In questo articolo andremo invece ad osservare da vicino la storia di quattro grandi uomini che hanno vissuto in quei turbolenti anni e che, con le loro gesta, sono diventati famosi e immortali: il pioniere/esploratore Kit Carson, il bandito e fuorilegge che assalta treni e banche Jesse James, il cacciatore di fuorilegge Allan Pinkerton, fondatore della famosa agenzia che da lui prende il nome e, per finire, l'impavido nativo che difende i suoi territori dall'arrivo dell'uomo bianco, Cavallo Pazzo.
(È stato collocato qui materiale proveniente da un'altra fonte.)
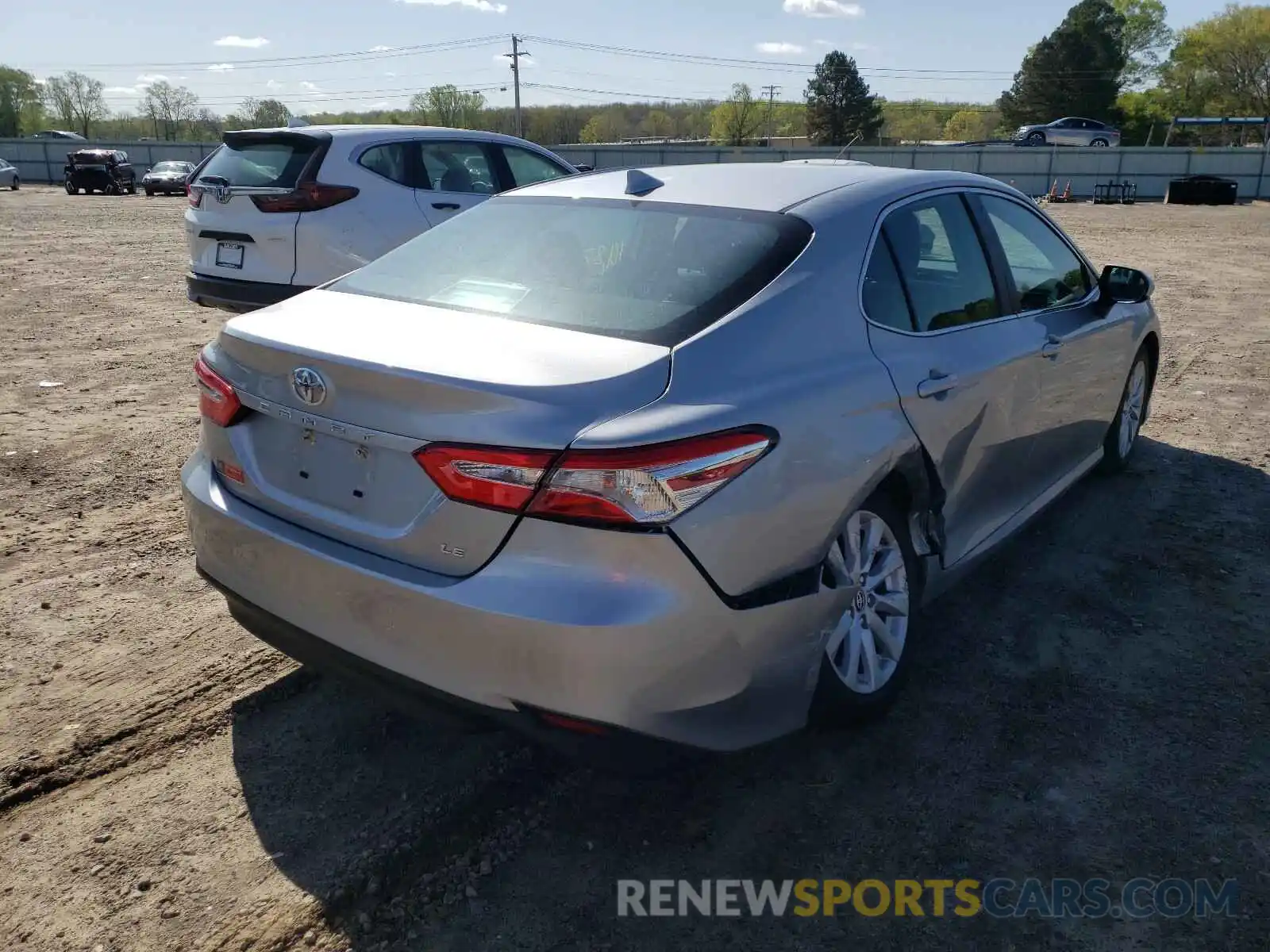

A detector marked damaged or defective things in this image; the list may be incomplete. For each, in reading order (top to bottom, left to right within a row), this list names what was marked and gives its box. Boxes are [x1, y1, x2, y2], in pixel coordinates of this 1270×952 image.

missing license plate [216, 241, 246, 268]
Kit Carson: l'impavido esploratore

Kit Carson è una delle figure più amate e celebrate tra gli eroi del vecchio West. Molti film raccontano la vita di questo esploratore, cacciatore, ma anche soldato e agente indiano. La fama di Kit Carson ha raggiunto anche l'Italia in quanto lo si può trovare come uno dei compagni più fidati di Tex Willer nell'omonima serie a fumetti della Sergio Bonelli Editore.
Kit Carson nasce la vigilia di Natale del 1809, nel Kentucky, e già all'età di 17 anni si unì ad un gruppo di pionieri diretti ad Ovest. Kit non era certo uno stangone, misurava infatti meno di un metro e settanta centimetri, ben lontano dall'immaginario comune del cow boy ma, nonostante questo, due anni più tardi non solo venne assunto da un gruppo di cacciatori di pellicce, ma si distinse tra i suoi colleghi per coraggio ed intelligenza.

Acquisì così la fama di grande cacciatore ed il suo lavoro gli permise di esplorare e conoscere a fondo tutte le montagne dell'Ovest americano, dalla Sierra Nevada fino alle Montagne Rocciose. Per i cacciatori dell'epoca era indispensabile tessere ottimi rapporti con le tribù native che vivevano in quelle zone e Carson non fu da meno.

Questo abile cacciatore viaggiava e cacciava con loro e intrecciò un solido rapporto con le varie tribù dei pellerossa tanto che ebbe due mogli indiane, provenienti dalla tribù degli Arapaho e dalla tribù dei Cheyenne. La sua fama come cacciatore crebbe con gli anni tanto che persino l'esercito usufruì dei suoi servigi fino a farlo diventare capo cacciatore della guarnigione di Fort Bend in Colorado. Tuttavia, la svolta per Carson venne nel 1842 quando, di ritorno da un viaggio dal Missuri, su un battello, fece amicizia con John C. Frémont. Quest'ultimo fu un famoso politico, generale e botanico degli Stati Uniti e i due, insieme, esplorarono e mapparono, per sette anni, i sentieri che dall'Ovest portavano i pionieri fino all'Oceano Pacifico. Carson lavorò quindi come guida per Frémont e fu proprio questo lavorò che lo rese famoso.
Le esplorazioni di Frémont suscitavano grande interesse nei media dell'epoca, infatti questi, nei suoi resoconti per la stampa, nominava spesso e volentieri il suo amico e guida Carson. Grazie a questa notorietà Carson divenne un'icona del popolo americano dell'epoca che lo rendeva protagonista di avventure eroiche di ogni tipo, anche al limite delle potenzialità umane.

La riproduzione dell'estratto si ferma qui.